LoveSpell, $6.99, ISBN 0-505-52585-2
Contemporary Romance, 2005
Underneath its antiquated slapstick approach to gender politics and crossdressing physics (I’ll explain later), Trish Jensen’s break from a long silence, Phi Beta Bimbo has two credible romances buried under a plot so absurd that some readers may not want to try to wade through the absurdities to enjoy the romance. I don’t blame them – I frankly kept reading because I was stuck on a long train journey. I’m quite glad I did but at the same time I wondered what the author was thinking. Wait, maybe I think I do: in the foreword, Ms Jensen credits Sandra Hill for giving her the book title and then getting Ms Jensen to come up with a story to fit that title.
Leah Smith is a typical romance heroine that should be exterminated with extreme prejudice (with plenty of agonizing pain in the process). She’s beautiful but she will insist until her dying breath that she’s plain and ugly. Her sex life is a textbook example of neuroticism that makes the term “romance heroine” synonymous with “lobotomized idiots in denial about their need to see a shrink”. Because she has nothing better to do, apparently, than to test whether her recently-completed sociological doctorate thesis is actually valid – err, shouldn’t the research come before the thesis? – she decides to pose as a bimbo-ish feisty woman to see whether these kind of women have a better time at work than the “real” Leah, the prim frigid type. Of course, Leah is beautiful enough to pull off the deception, although that doesn’t mean that she won’t stumble, babble, burst into tears, and generally act like a predictable birdbrained moron who shouldn’t be pulling off deceptive masquerades if she can’t even tell a lie without blinking like a deer staring at the lights of an incoming truck.

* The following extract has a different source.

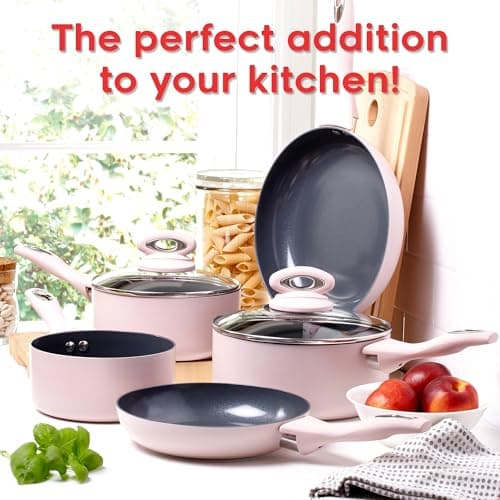 Cermalon Blush Pink 5-Piece Ceramic Cookware Set - Includes 2X Frying Pans and 3X Saucepans with Grey Sparkle Ceramic Non-Stick Coating - Compatible for All Types of Hobs - PTFE and PFOA Free — view 6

She applies for a job at her brother Steve’s company and here, Mark Colson, the ex-FBI agent hero who now dislikes intelligent women because he was dumped by an ex, sees right through Leah’s disguise (the fact she punctures one of her fake breasts and talks to herself like a demented idiot when he is studying her through the security camera may have something to do with his uncanny perception) and decides to date both “Candi” and Leah to find out whether she is a spy bent on industrial espionage. I think I can now understand why Mark is an ex-FBI agent.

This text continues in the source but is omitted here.